To examine correlations between inquiline presence and pitcher properties, we conducted generalized linear mixed models using a logistic regression with plant ID as a random effect and age class, morph, fluid volume, pH, total hardness, and prey density as fixed effects for N. gracilis and N. rafflesiana. In the case of N. ampullaria, morph was not a factor, and presence of trapped detritus was an additional fixed effect.

Results

Protein depletion

In our investigation of intraspecific variation (by age class) in protein depletion rates for N. rafflesiana pitchers, an initial, qualitative inspection of the trends suggested decreasing protein concentration trends through time, with perhaps flatter slopes for the dead/senescing pitchers (Figure 2a). However, quantitative analysis did not reveal significant differences between age classes. The top ranked model of protein depletion in the intraspecific age class comparisons experiment had a ΔAICc value that was >2.0 units lower than the next best model, and a model weight of 93.4% (Table 1a), suggesting that the data strongly supported the model. This model did not contain the term age class, which meant that unopened, living, senescing and dead pitchers did not have different protein depletion responses to the addition of albumen (Figure 2a).

Figure 2. Results of the manipulative experiment investigating variation in rates of protein digestion within (a) and across (b) Nepenthes species, showing changes in protein concentration in the pitchers through time. The data comparing age classes in panel a are all from N. rafflesiana pitchers. Thin translucent lines represent the trends of individual pitchers, while thick bolded lines represent the top model predictions. In panel a, the shaded region represents the standard error of the prediction.

Table 1. Summary of the top models of each subsection of the study. Models are ranked according to the ΔAICc value. All models are presented in subsections involving experiments, while only models with ΔAICc < 2 are presented in subsections involving surveys. df = degrees of freedom.

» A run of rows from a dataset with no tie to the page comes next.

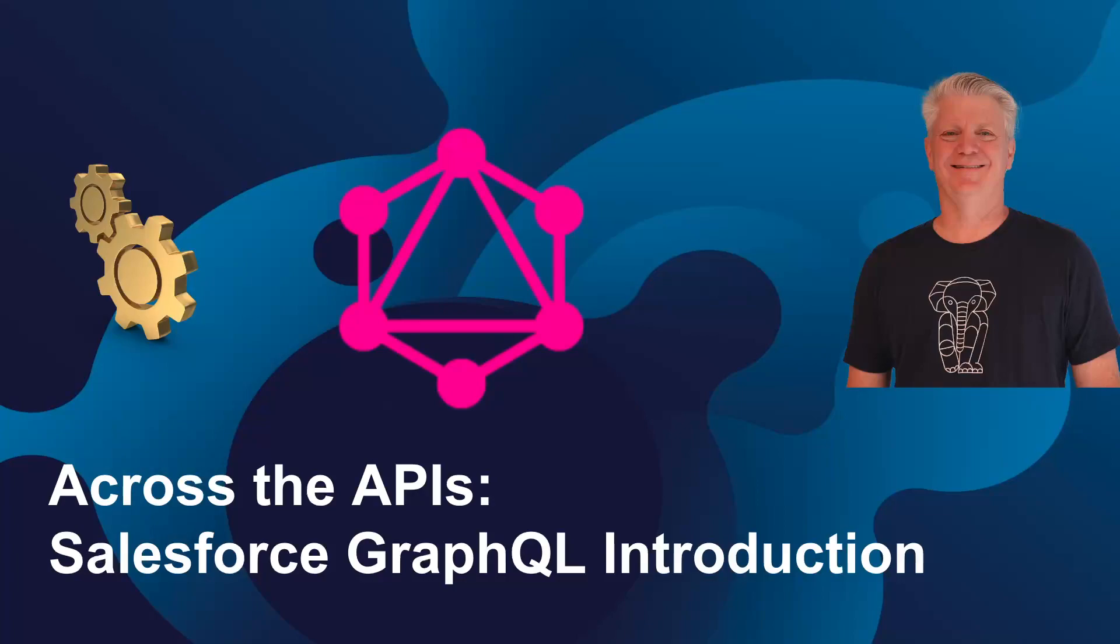Across the APIs, Salesforce GraphQL introduction. Welcome to another episode of Across the APIs, where we look at Salesforce from an integration architect standpoint and look at all the ways data move in and out of Salesforce. Today, we're taking a look at GraphQL, a really interesting new technology that's just been around not that long, and it's a way of querying and manipulating data from outside of Salesforce. We're going to dive in and take a look.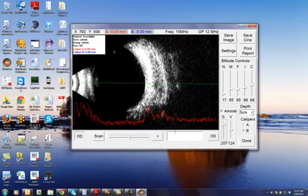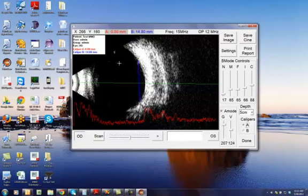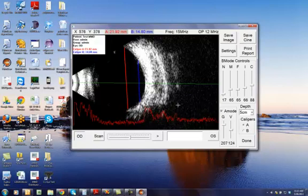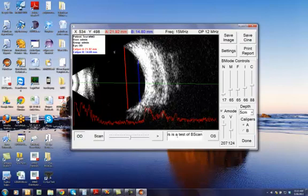And you can also place cursors again as usual. And let's make this measurement just for an example here. You can place some text about your findings. This is a test of B scan.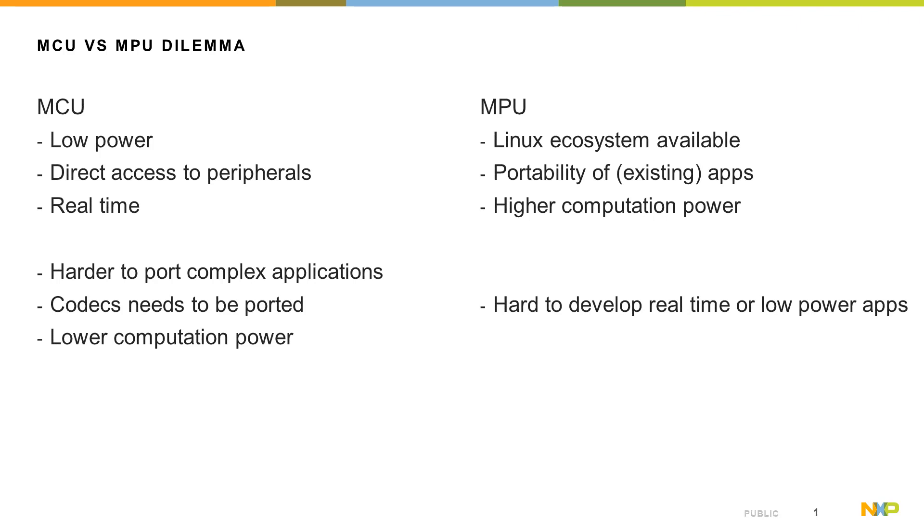As a drawback for microprocessors, it's harder to develop real-time applications and it's also a little bit harder to get low-power applications.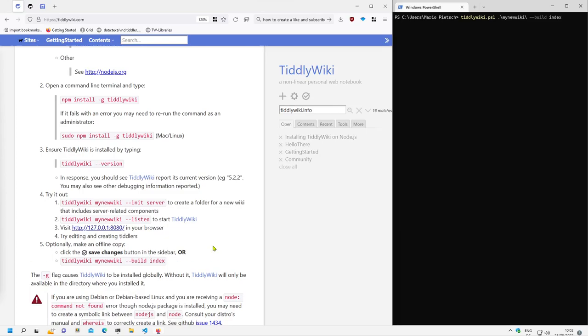Hi folks, in one of the last videos I showed you how you can create a client server configuration with TiddlyWiki.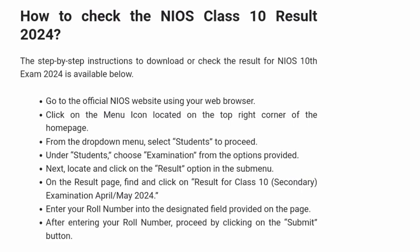Next, locate and click on the Result option in the submenu. On the Result page, find and click on Result for Class 10, Secondary, Examination April or May 2024.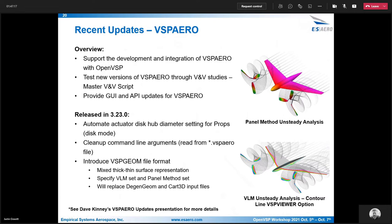I won't go too much into detail with some of the VSP Arrow updates since Dave talked about that yesterday. In general, this has to do with how we support VSP Arrow on the OpenVSP side of things — working with Dave Kinney to test new versions of VSP Arrow, in particular through this master VSP VMV script that we have, and then providing GUI and API updates for each new version. In 3.23, I added a feature to automatically grab the disk diameter from props in disk mode and cleaned up some of the command line arguments. We prefer to use the VSP Arrow input file. This is also when Rob initially introduced the VSP Geome file format, which allows you to specify a thin surface and thick surface set so you can do mixed VLM and panel analysis in VSP Arrow.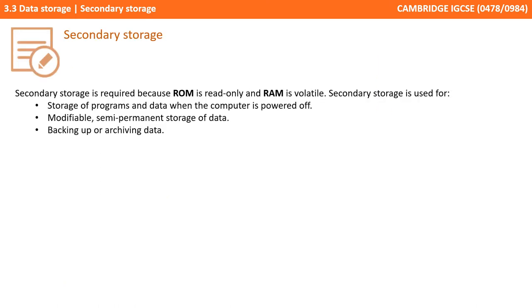So just to recap, secondary storage is needed because ROM is read-only and RAM is volatile. Secondary storage is needed for the storage of programs and data when the power is turned off, semi-permanent storage of data that can change, backing up of data files and archiving of data files.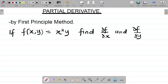Let's look at the second method of solving questions on partial derivatives called the first principle method. We'll look at how to solve partial derivatives using the first principle method. Given the function f(x,y) = x²y, find partial f over partial x and partial f over partial y using the first principle method.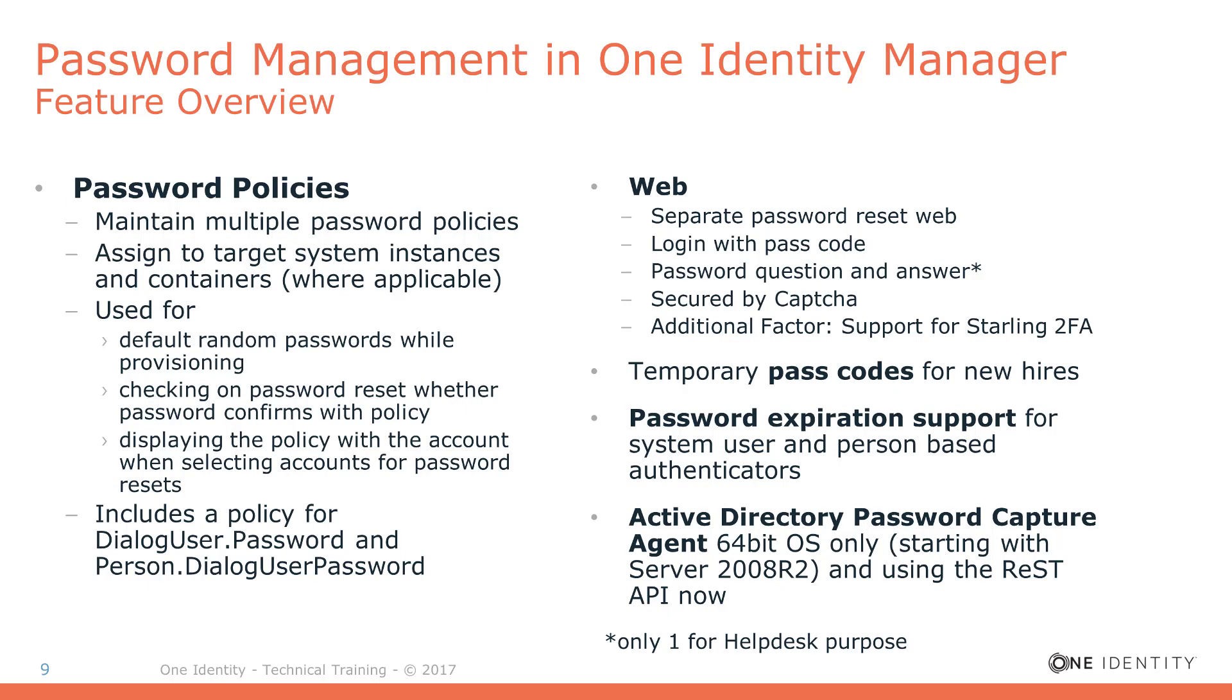On the website, the feature is supported with a specific password reset web. We will show you that in some seconds. Additionally, Starling two-factor authentication is supported with this specific web. The system delivers passcodes for new hires and supports as well password expiration.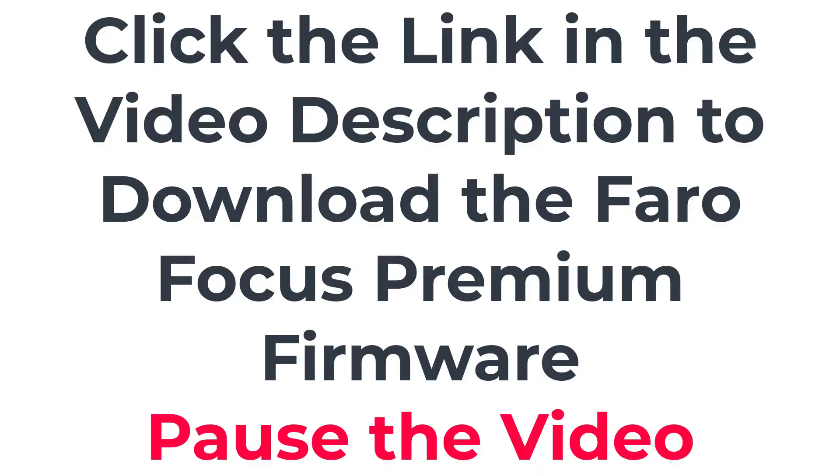To download the latest firmware, please click on the link below. Be sure to pause the video while you download and prepare your SD card following the instructions on the Faro website. When you are ready, restart the video for instructions on how to update the firmware.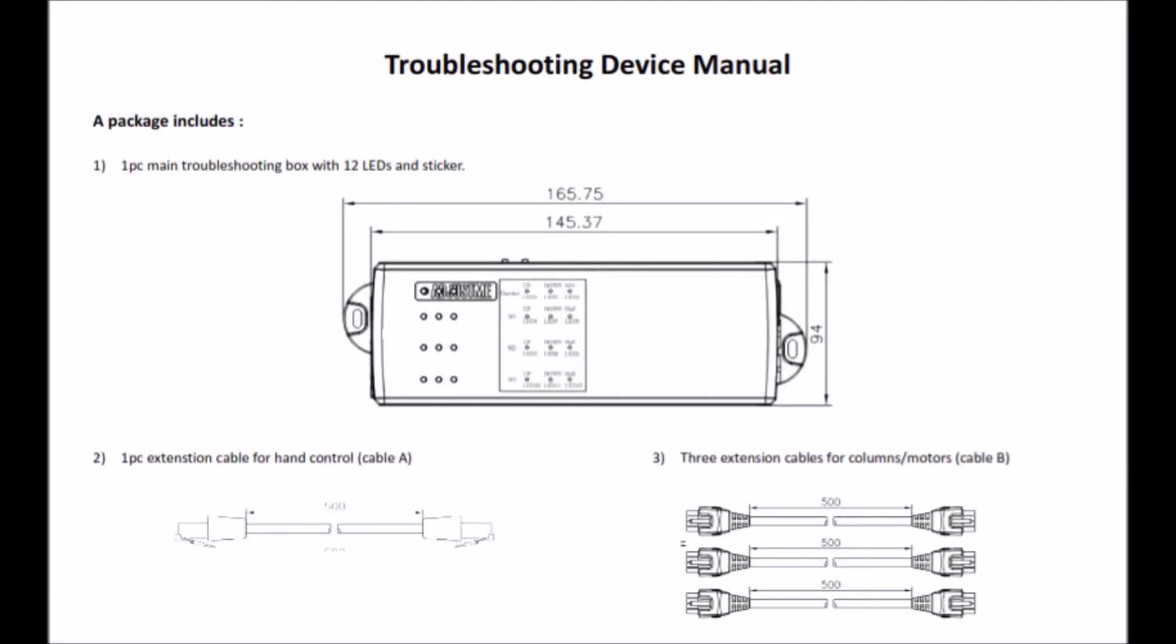Welcome to this tutorial for how to connect the troubleshooting device to your defective sit-stand desk. You also have all needed information from the instruction guide on the PDF.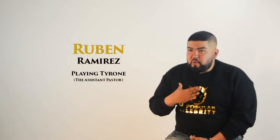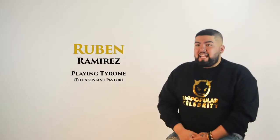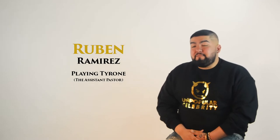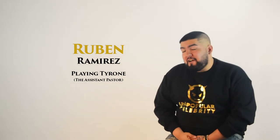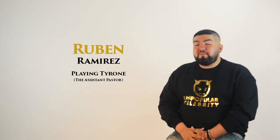Hello everybody, my name is Ruben Ramirez, and I am Assistant Pastor Tyrone in the film Dark Secrets.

Rank	Model formula	df	ΔAICc	weight	R2
a) Protein digestion (albumen addition experiment, age class comparison)
1	∼ Time	5	0.00	0.934	0.091
2	∼ Time + Age	8	5.29	0.066	0.112
3	∼ Time + Age + Time*Age	13	88.21	0.000	0.122
b) Protein digestion (interspecific comparison experiment)
1	∼ Time + Species + Time*Species	11	0.00	0.693	0.208
2	∼ Time	5	2.45	0.203	0.098
3	∼ Time + Species	7	3.79	0.104	0.160
c) Fluid pH (survey)
1	∼ Age + Prey + Species + Age*Species + Prey*Species	18	0.00	0.334	0.714
2	∼ Age + Prey + Species + Age*Species	16	0.60	0.247	0.701
d) Fluid pH (response to albumen addition experiment in N. rafflesiana)
1	∼ Time	5	0.00	0.882	0.350
2	∼ Time + Age	8	4.02	0.118	0.349
3	∼ Time + Age + Time*Age	13	26.91	0.000	0.296
e) Total hardness (survey)
1	∼ Age + Size + Species + Age*Species	15	0.00	0.322	0.662
2	∼ Age + Species + Age*Species	14	0.37	0.267	0.651
3	∼ Age + Species + Morph + Age*Species	16	1.50	0.152	0.667

The top ranked model of protein depletion in the interspecific comparisons experiment had a ΔAICc value that was > 2.0 units lower than the next best model, and a model weight of 69.3% (Table 1b), suggesting that the data strongly supported the model. This model contained the term species, and its interaction with the smoothing spline of time (Table 1b). Protein concentrations in N. gracilis and N. rafflesiana pitchers decreased gradually with time, but this was not observed in N. ampullaria pitchers (Figure 2b).

Fluid pH

The two top (ΔAICc < 2) models of fluid pH in surveyed pitchers both contained the terms age class, species, prey level, and the interaction between age class and species, while a prey level-species interaction was found in only the model ranked first (Table 1c). Differences in fluid pH between species and age classes were found to be very large; in particular, the living pitchers of N. rafflesiana and N. gracilis both had very low pH values of 2-3, while those of N. ampullaria had consistently high pH values of approximately 6 (Figure 3a). The unopened, senescing, and dead pitchers of all three species also had relatively high pH values of approximately 5–6 (Figure 3a). Fluid pH also varied with pitcher prey levels, though not in all species. In N. ampullaria, the effect of prey density on fluid pH was negligible (coefficient = −0.05; 95% CI = [−0.48, 0.39]), but this effect was positive in both N. gracilis (coefficient = 0.13; 95% CI = [−0.51, 0.78]) and N. rafflesiana (coefficient = 0.60; 95% CI = [0.06, 1.15]) (Figure 3b). We note, however, that interspecific differences in the prey density-fluid pH relationship were not strong, since the inclusion of the prey density-species interaction improved model AICc by only 0.60 units (Table 1c).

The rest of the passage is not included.